Subwoofer - Subwoofers do not seem to be "rocket science" however the boat's allowable acoustical environment is essential. For example, if there is no dedicated box for the speaker to be installed in then the speaker must be rated for "infinite baffle" installations which is common for marine applications. Subwoofers demand power and demand to operate in a specific frequency range so they must be driven from a specific amplifier's output. Subwoofer can range in size from 8 inch to 18 inch with 10 and 12 being the most common and pricing can get pretty crazy. Here again I found that a middle of the road 10 inch fills my desires quite well and establishes a very good presence both with the boat running and not. I ended up with, again, one JL Audio subwoofer MX series 10 inch in the cockpit.
Amplifiers- Any more having an amplified system is not really an option; modern speaker systems sound best when driven to their specified powers. This means the speaker's power range should be the median range of the supplied power. If a speaker can handle up to 80 watts of continuous power RMS then probably an amplifier capable of 120 watts would be best. Again, the subwoofer will be the power sucker so if one amplifier is to drive all of the cockpit speakers and subwoofer then it should be sized for the subwoofer. So, in my case, I again went middle of the road and hosted the entire cockpit with a single five channel amplifier with four channels to the four coaxial speakers and the fifth to the subwoofer. I ended up with a reasonably priced Rockford Fosgate Punch series 1000 watt five channel amplifier. This amplifier provides features to set up the crossover frequencies so the speakers don't get the low frequencies and the subwoofer doesn't get the mid and high frequencies. This is not a marine rated amplifier and it stays in the air conditioned cabin of the boat. This amplifier does, however, demand dedicated battery power and a lot of it.
Head Unit - In the bulk of opinion from the installers modern head units deliver good quality signals; it comes down to the features desired. Remember also that if the head unit is not used to power the speakers then the advertised power is of no concern. So if you want wired remote, Bluetooth, an Aux input, a USB input, equalizer features then those will drive the price.
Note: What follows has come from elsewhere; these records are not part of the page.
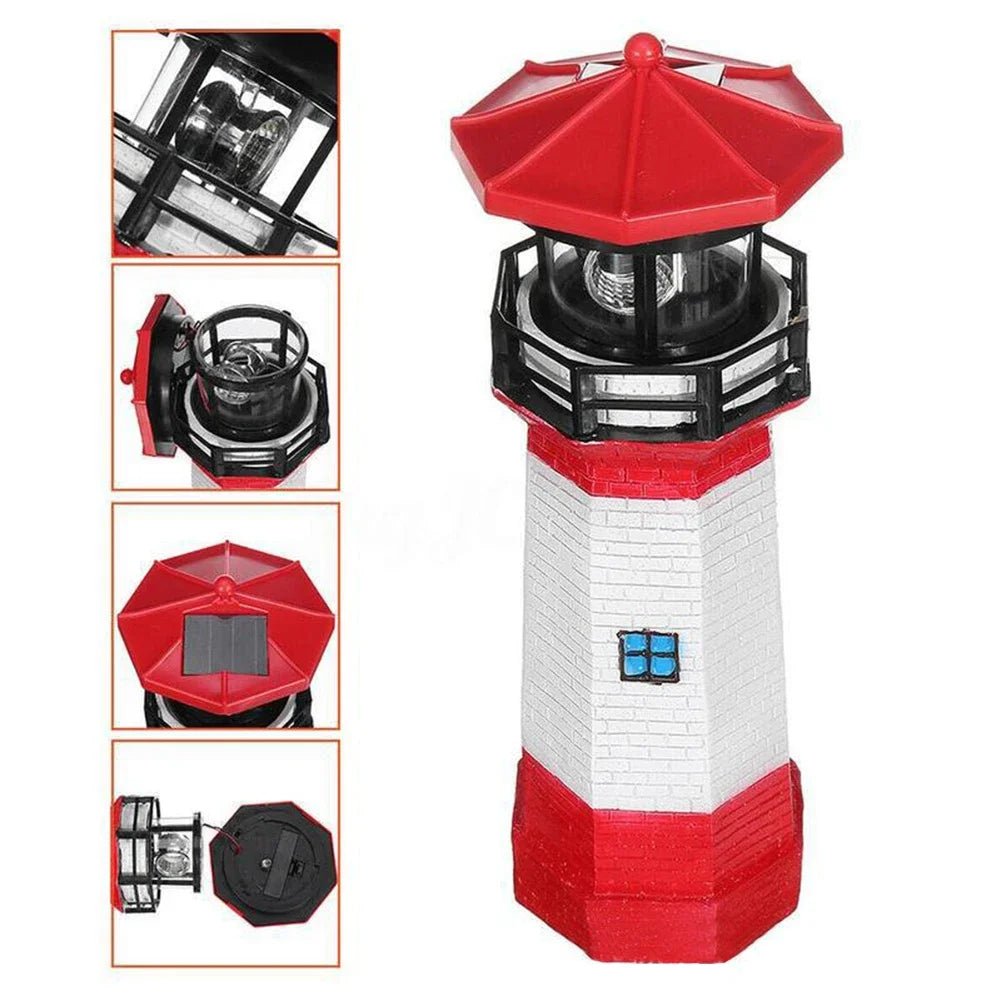OceanGlow - Vuurtoren Zonne - LED Licht - Rivermark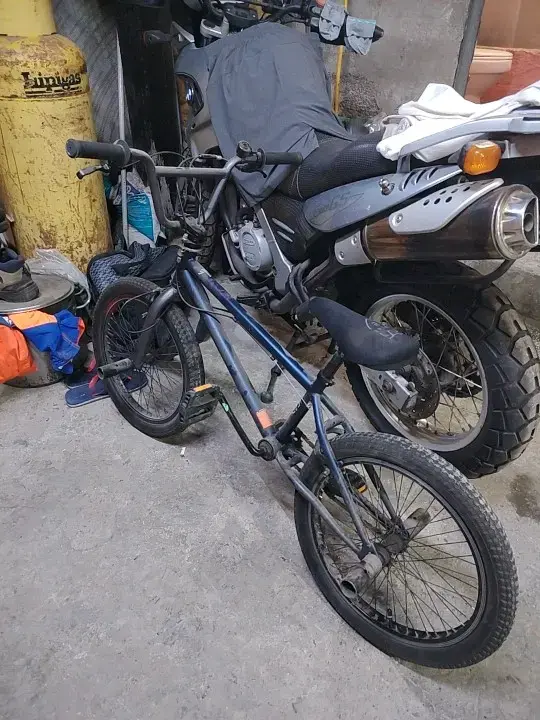 Bicicleta BMX OXFORD aro20 - 2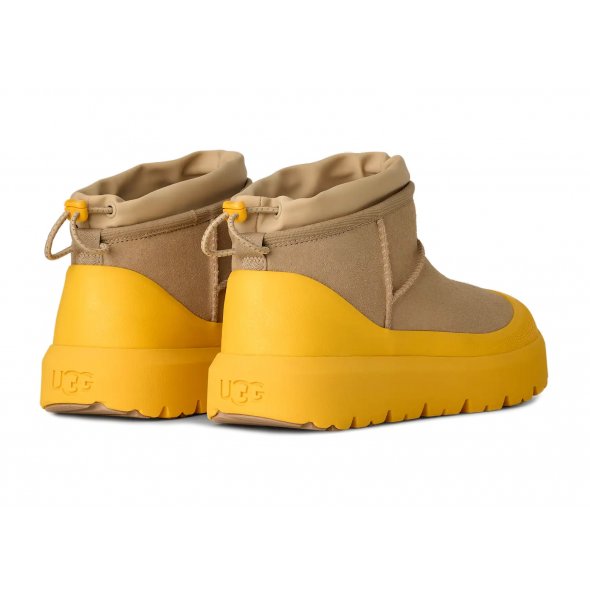 UGG Classic Ultra Mini Weather Hybrid Boot 1174196 MMM Μπεζ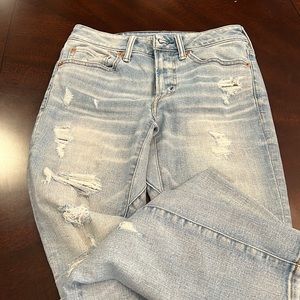 Mens American Eagle ripped jeans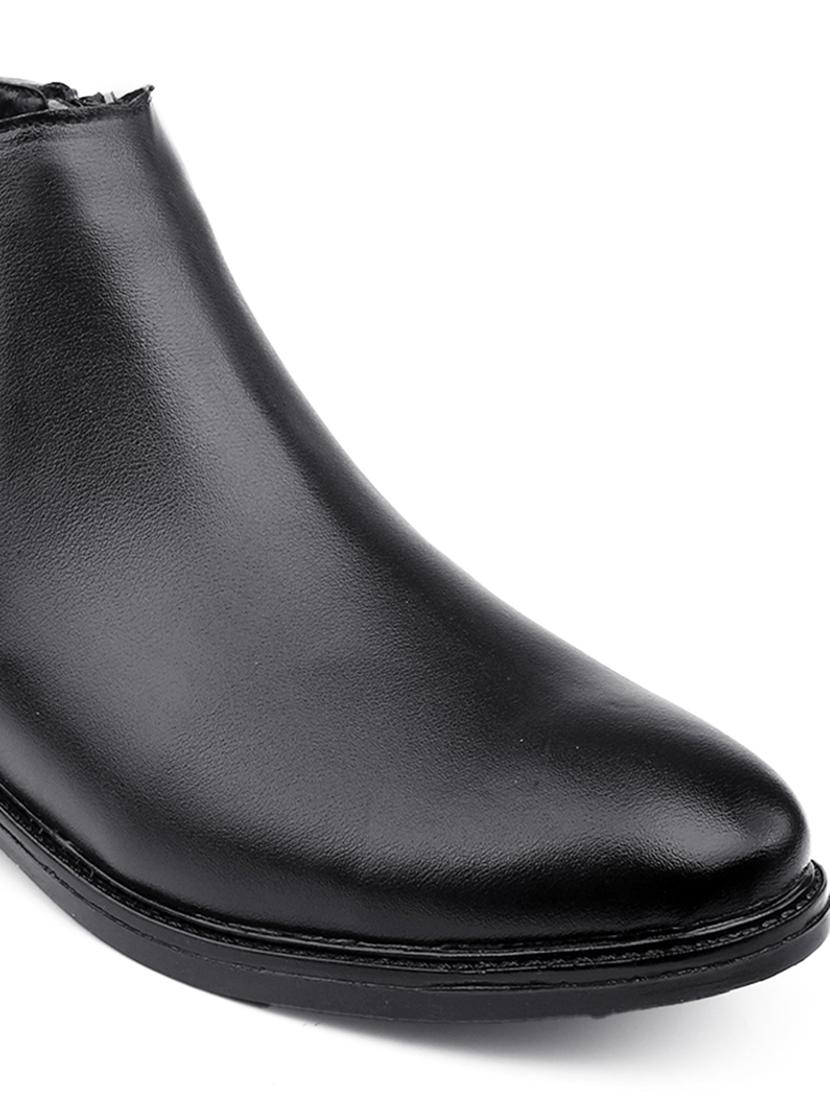 men solid slip on boot - 21931627 - Standard Image - 5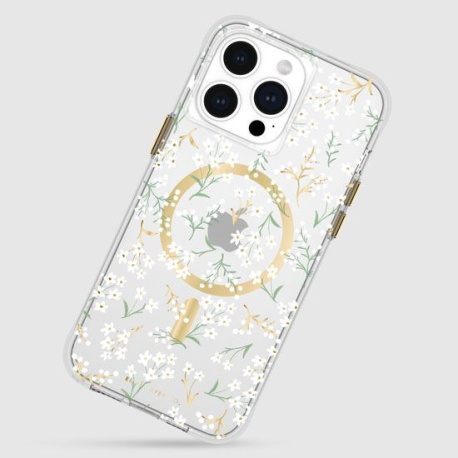 Rifle Paper Co. Petites Fleurs MagSafe iPhone 15 Pro Max Case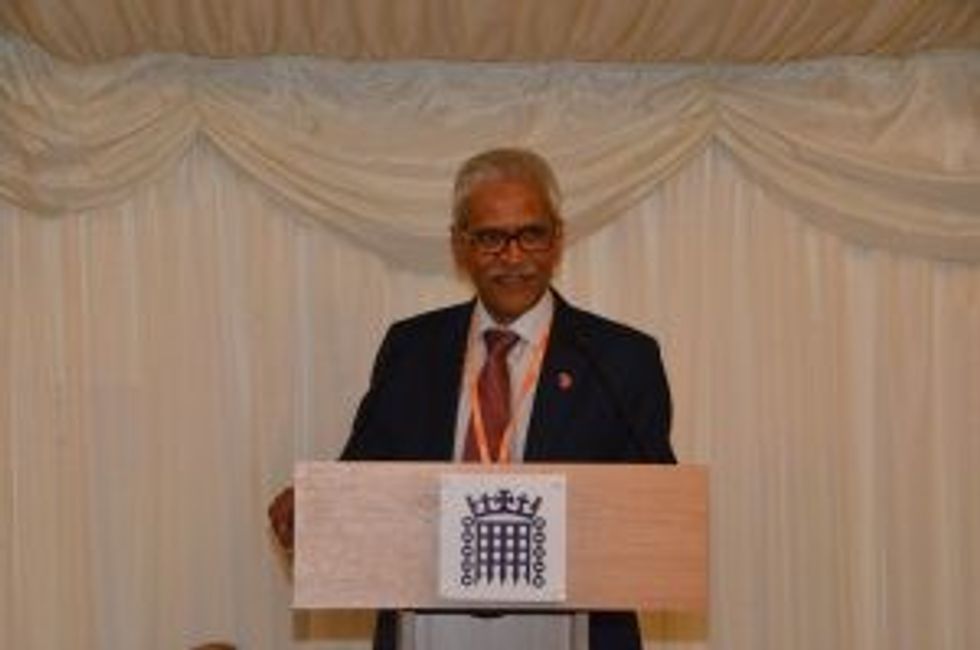 ProfMahendra Patel OBE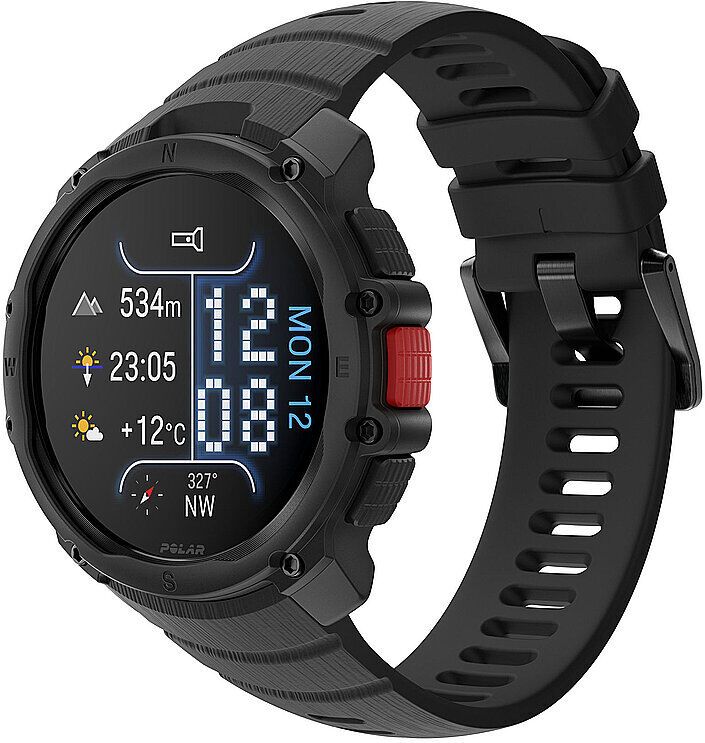 POLAR Outdoor-Multisportuhr Street X schwarz B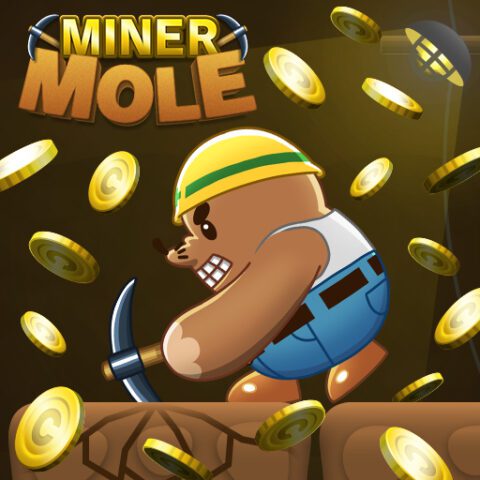 MINER MOLE game on Video-Igrice.com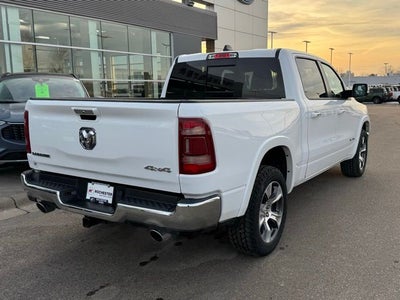 2022 RAM 1500 Laramie w/ Blindspot Detection + Heated Steering Wheel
There is a lot available out there but I don't see the benefit for my applications to buy a $700 Fusion. I ended up again with a middle of the road Clarion M606 with a wired remote and wireless remote added.
So to compare with the two previous generations of systems that have been on the 400DA? This system is spectacular in all respects and not really all that expensive in the end. At anchor or dock and low volume the system is smooth clear and crisp and a real joy to listen. At running speeds with elevated volume levels the system comes into it's own and produces powerful and clear audio all throughout the cockpit.
With all of the above said - I needed someone to "tune" the system and set all of the parameters available; this took the audio over the top and I couldn't ask any more from the system. Middle of the road in cost premium sound - it does make a difference....
Tom
 
thanks everyone for the input.....I appreciate the time you spent replying and the detail.....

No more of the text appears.